CONSTANT READER, I have been pleasuring myself again..

After a few weeks of doing the "pick it up, look at the back, put it down again" trick, last night I succumbed and bought a four dvd box set of Joan Crawford films.. HUMORESQUE (1946), POSSESSED (1947), THE DAMNED DON'T CRY (1950) and GRAND HOTEL (1932).

The bugger is I have GRAND HOTEL already... but what's eBay for eh? Of the four films THE DAMNED DON'T CRY was the only one I hadn't seen before so last night it was finally viewed. Typical hard-boiled Warner Brothers fare full of crooked guys and seen-it-all broads, noir-ish lighting and tough dialogue "Don't talk to me about self-respect. Self-respect is what you tell yourself you got when you got nothing else."

Joan excels in a role which gave her a chance to combine her two best Warners roles: MILDRED PIERCE (1945) (sacrificing mother who wants more out of life) and HUMORESQUE (glamorous society woman). Indeed the film she made before DAMNED... was FLAMINGO ROAD which also tells of a woman working her way up the social ladder. Roles like this mirrored her own rise to stardom from very humble beginnings.


Born Lucille LaSueur, her parents separated before she was born and had two step-fathers by the time she was 16. After the humbling experience of working in the college cafeteria to pay her way on campus, dance-mad Lucille won a talent competition and found work as a chorus girl. A few years later she joined the exodus to Hollywood and soon found work as an extra and in small parts at the most successful of film studios Metro-Goldwyn-Meyer who soon launched a film magazine competition to rename her. After the initial choice 'Joan Arden' was found to belong to a bit player, the runner-up name of Joan Crawford was chosen. Three years later, dancing again proved a success when she played the Charleston-mad Diana in OUR DANCING DAUGHTERS and became an instant success. 
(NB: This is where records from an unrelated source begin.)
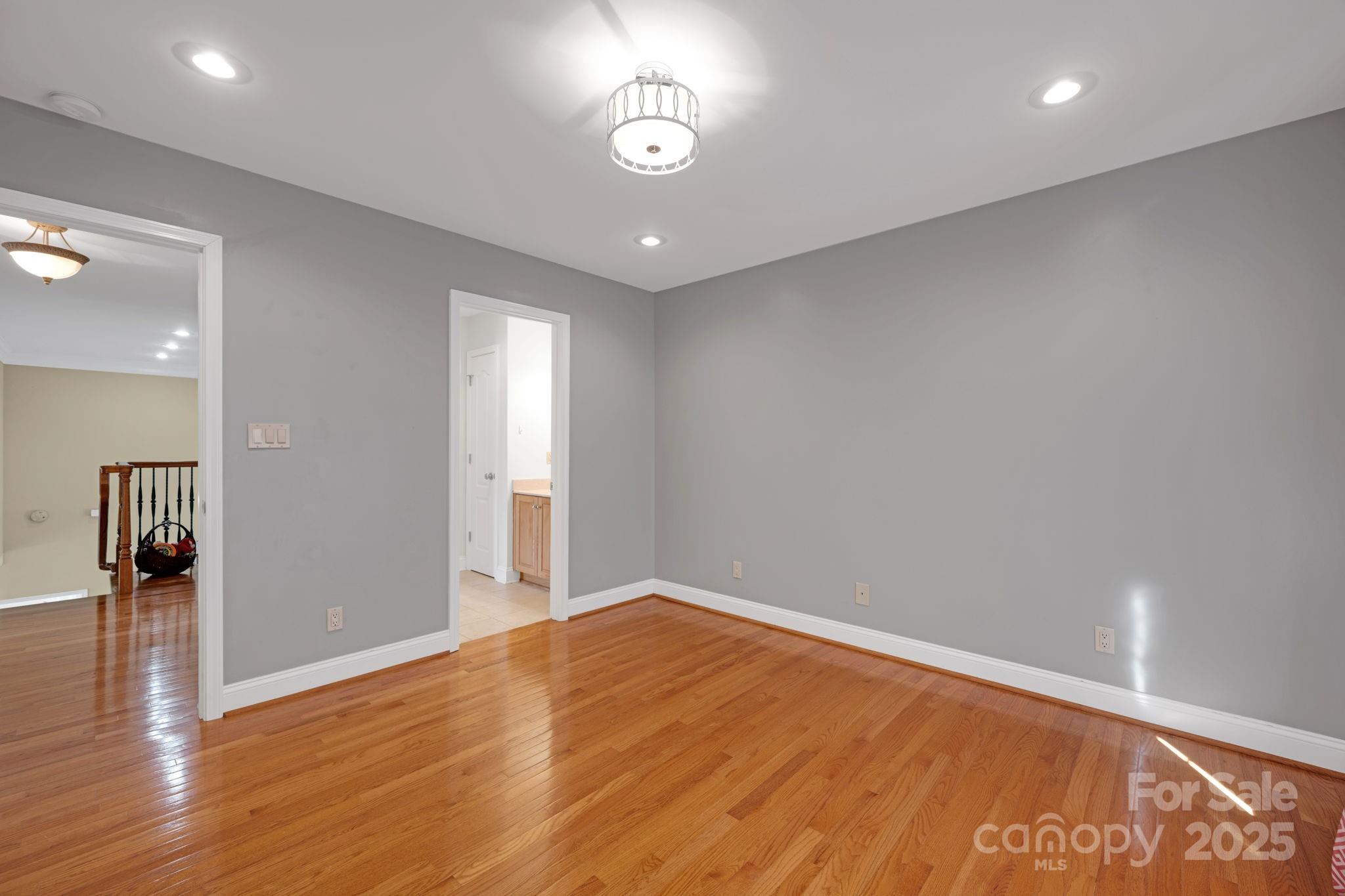 3610 Providence Mill Road Maiden, NC 28650 - Photo 33 of 44 an empty room with wooden floor and windows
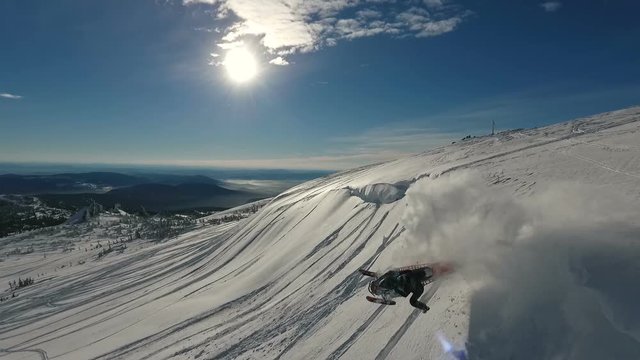 Slow Motion Aerial of the guy rolling around and jumping on a snowmobile from the eaves in the winter on the mountain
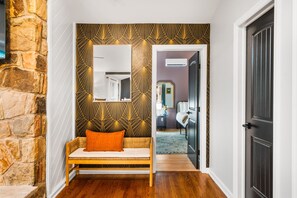 A hallway with a stone wall, a bench with an orange cushion, and a patterned wall. - Pocono Speak Easy Hot Tub Golf Simulator 1920 Bar (East Stroudsburg)
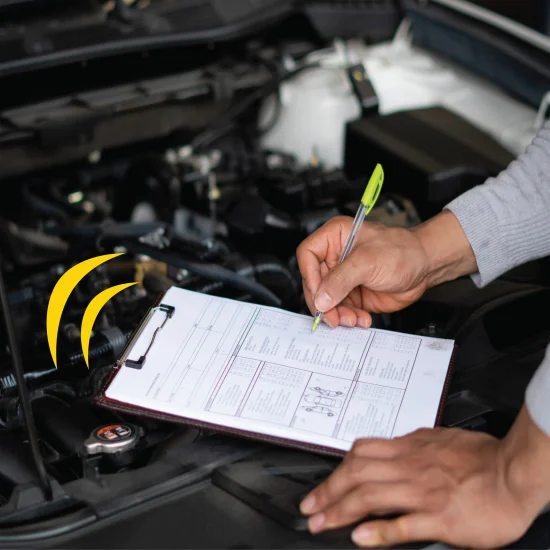 person checking a list by a car engine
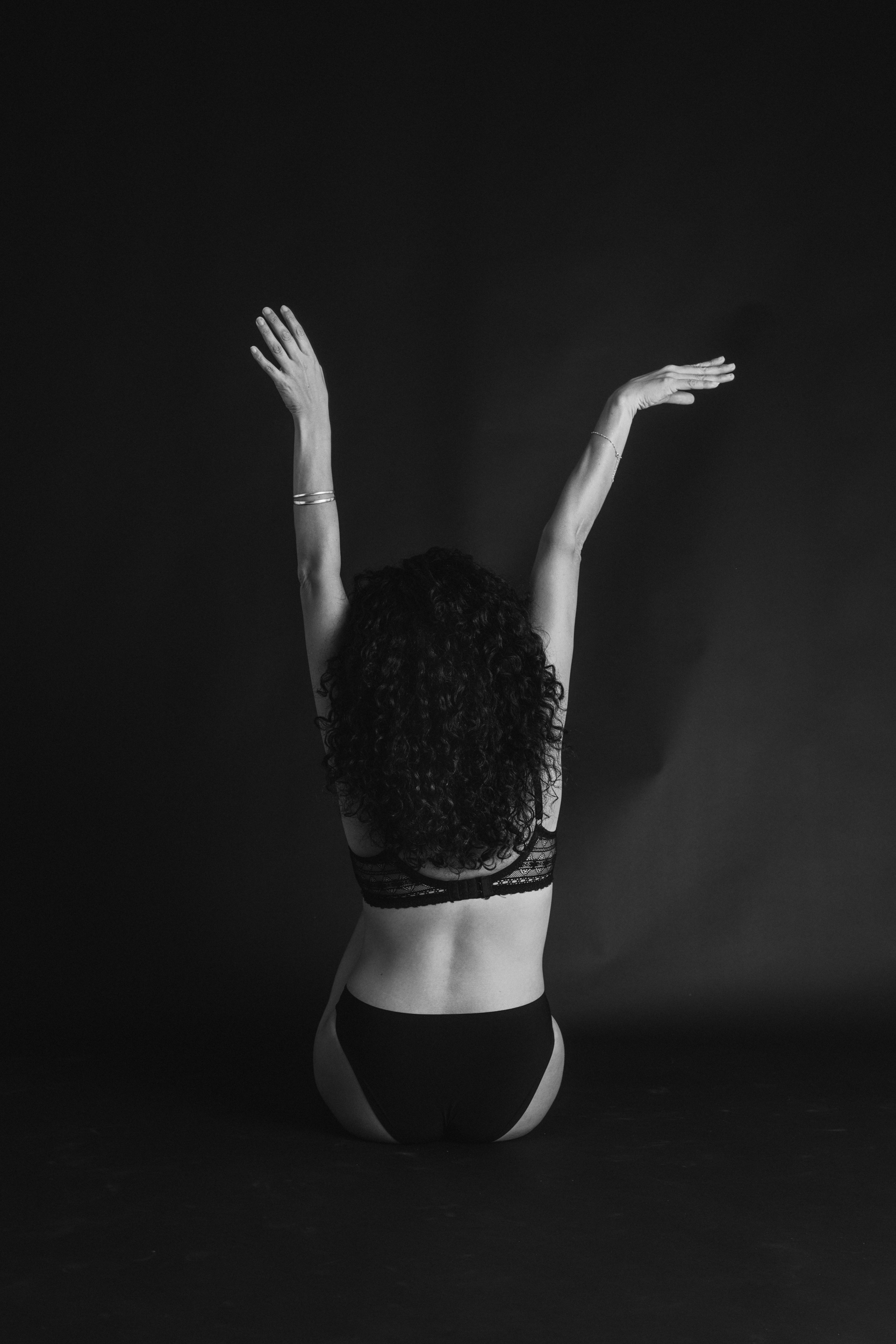 Black and white fine art intimate boudoir photography; woman in underwear from behind stretching arms up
The transition to talkies was effortless and she soon became one of the biggest stars of the 1930s. By the end of the decade however she, along with Katherine Hepburn and Greta Garbo, were labelled box office poison and she was dropped by MGM. She was signed up by the no-frills, grittier Warner Brothers studio and triumphed in her first role there in 1945 MILDRED PIERCE which won her a Best Actress Academy Award.

Before MOMMIE DEAREST and the drag acts was the woman. Once a star, always a star.

2 comments:

Owen said...

Um, Joan Crawford? Who she then? An actrelle of your acquaintance perhaps? Is she nice?

chrisv said...

She *was* nice... don't believe that ungrateful adopted daughter.